Reputation: 195
Simulate the conditions of linear regression and show that the estimates for multidimensional linear regression (three or more parameters) are unbiased. Try to make biased estimates for the parameters of linear regression and show by simulations that you managed to achieve biasness.
This is what I tried, but I am stuck in getting unbiased estimates from biased estimates.
b0=2
b1=1.3
b2=5
N=1000
matrica=matrix(rep(0,N*3),ncol=3)
for (i in 1:N) {
x1=rnorm(100) ##expectation and variance is arbitrary
x2=rnorm(100)
err=rnorm(100)
y=b0+b1*x1+b2*x2+err
lm=lm(y~x1+x2)
matrica[i,1]=lm$coefficients[1]
matrica[i,2]=lm$coefficients[2]
matrica[i,3]=lm$coefficients[3]
}
matrica
rez1 <- matrica[1:N ,1]
rez2 <- matrica[1:N ,2]
rez3 <- matrica[1:N ,3]
## now we need to show that the estimates are unbiased (b0~mean(rez1...))
summary(rez1)
summary(rez2)
summary(rez3)
cor(rez1,rez2) #highly connected
cor(rez2,rez3) #highly connected
Upvotes: 2
Views: 680
Reputation: 2368
Ok so similar to the way you started you could do the following:
# True Values
b0=2
b1=1.3
b2=5
# Simulation Set Points
N=1000
n <- 100
set.seed(42)
collector <- matrix(ncol = 3,nrow = N)
colnames(collector) <- c("b0_hat", "b1_hat", "b2_hat")
for(i in 1:N){
# Generate Data
x1 <- rnorm(n, mean = 1, sd = 1)
x2 <- rnorm(n, mean = 1, sd = 1)
y_hat <- b1 * x1 + b2 * x2 + b0
# Add Noise
y <- rnorm(n, y_hat, 1)
# Fit Data
fit <- lm(y ~ x1 + x2)
# Store Results
collector[i, ] <- fit$coefficients
}
Then to show the results, you could plot the histograms and show that the mean of the estimates approach the true parameter value, beta.
# Graph to Show UnbiasedNess
par(mfrow = c(3,1))
hist(collector[,1], main =expression(hat(beta[0])),breaks = 30)
abline(v =b0, col = "red", lwd = 2)
hist(collector[,2], main =expression(hat(beta[1])),breaks = 30)
abline(v =b1, col = "red", lwd = 2)
hist(collector[,3], main =expression(hat(beta[2])),breaks = 30)
abline(v =b2, col = "red", lwd = 2)
Biased estimates refer to the idea that in the long run (i.e. the expected value) the parameter estimates are different than the true parameter value.
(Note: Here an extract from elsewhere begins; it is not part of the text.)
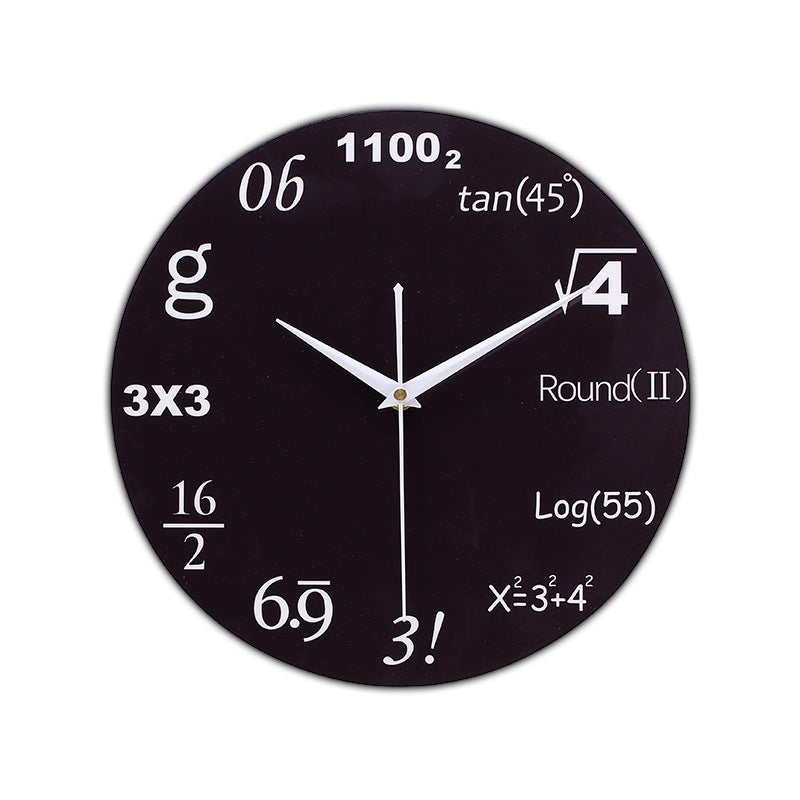 Creative Mathematical Wall Clock: The perfect interplay of art and function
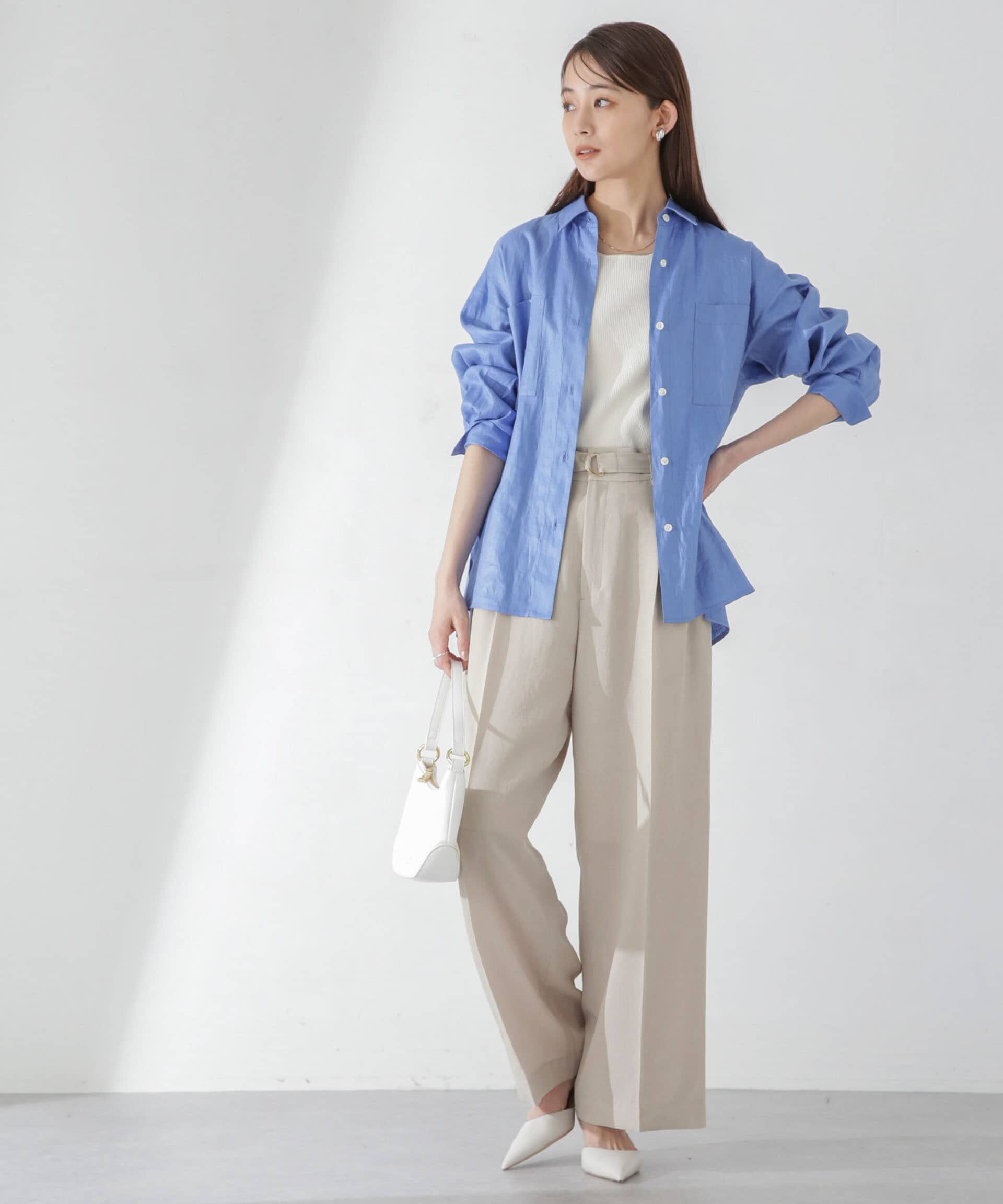 nano･universe「<洗濯機使用可><ﾉﾝｱｲﾛﾝ>ﾒﾗﾝｼﾞﾄﾞﾗｲ ﾍﾞﾙﾄ付きﾜｲﾄﾞ  」|チノ|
One way to do this is to say that that instead of the errors being drawn from a normal distribution, they are drawn from a t-distribution.
# True Values
b0=2
b1=1.3
b2=5
# Simulation Set Points
N=1000
n <- 100
set.seed(42)
collector <- matrix(ncol = 3,nrow = N)
colnames(collector) <- c("b0_hat", "b1_hat", "b2_hat")
for(i in 1:N){
# Generate Data
x1 <- rnorm(n, mean = 1, sd = 1)
x2 <- rnorm(n, mean = 1, sd = 1)
y_hat <- b1 * x1 + b2 * x2 + b0
# Add Noise from a t-distribution using `rt`
y <- rt(n, df = 3, ncp = y_hat)
# Fit Data
fit <- lm(y ~ x1 + x2)
# Store Results
collector[i, ] <- fit$coefficients
}
Now you can see running the code below that there is a bias in our estimates.
# Graph to Show UnbiasedNess
par(mfrow = c(3,1))
hist(collector[,1], main =expression(hat(beta[0])),breaks = 30)
abline(v =b0, col = "red", lwd = 2)
hist(collector[,2], main =expression(hat(beta[1])),breaks = 30)
abline(v =b1, col = "red", lwd = 2)
hist(collector[,3], main =expression(hat(beta[2])),breaks = 30)
abline(v =b2, col = "red", lwd = 2)
Upvotes: 1